What the task requires
Your output should match the listing below word for word, without any images.

Supplied material
• • • • •
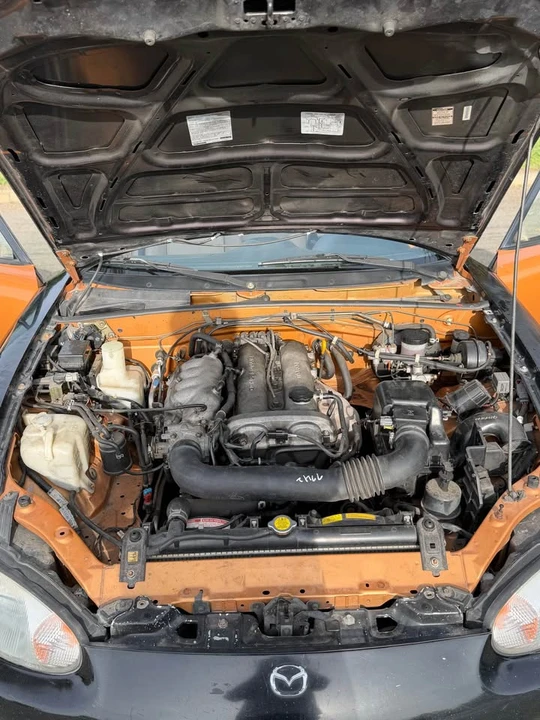 2000 Mazda NB MX-5 Miata - Image 16 of 20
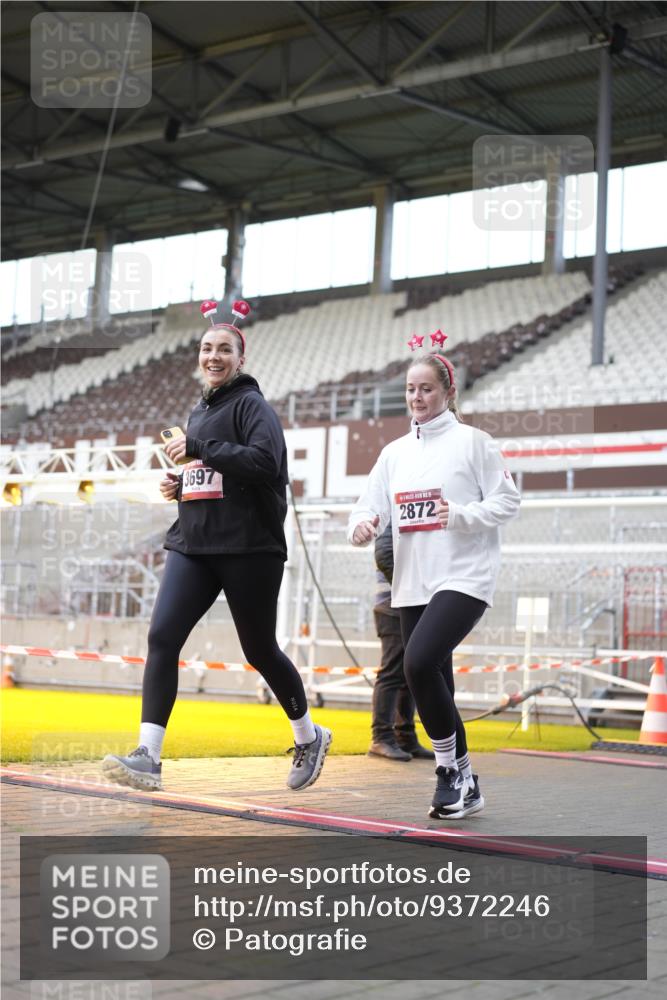 07.12.2025 - St. Pauli X-Mass-Run No. 15 Patografie http://msf.ph/oto/9372246 07.12.2025 11:50:04 Ziel 1890, 2118, 2203, 2210, 2848, 2872, 2877, 3660, 3697, 3778, 4184 meine-sportfotos.de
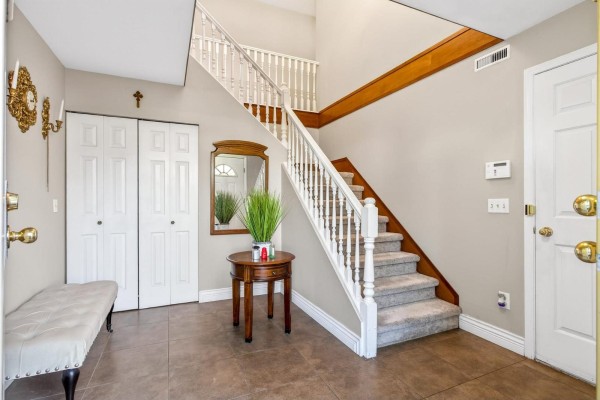 15110 95a Avenue, Surrey, BC V3R1E5 Photo 3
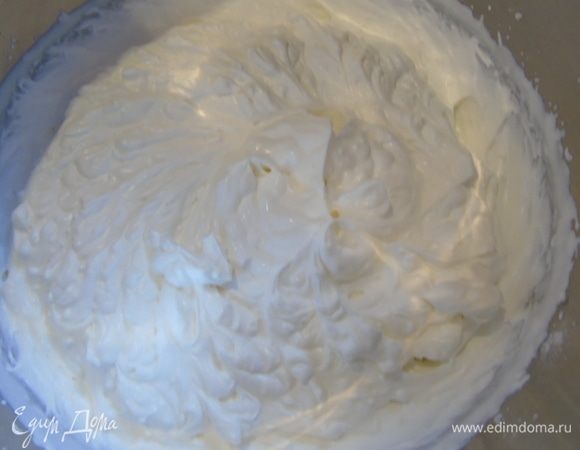 Для крема 2 взбейте сливки с сахарной пудрой до пышности.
• • • • •
Output
 2000 Mazda NB MX-5 Miata - Image 16 of 20
 07.12.2025 - St. Pauli X-Mass-Run No. 15 Patografie http://msf.ph/oto/9372246 07.12.2025 11:50:04 Ziel 1890, 2118, 2203, 2210, 2848, 2872, 2877, 3660, 3697, 3778, 4184 meine-sportfotos.de
 15110 95a Avenue, Surrey, BC V3R1E5 Photo 3
 Для крема 2 взбейте сливки с сахарной пудрой до пышности.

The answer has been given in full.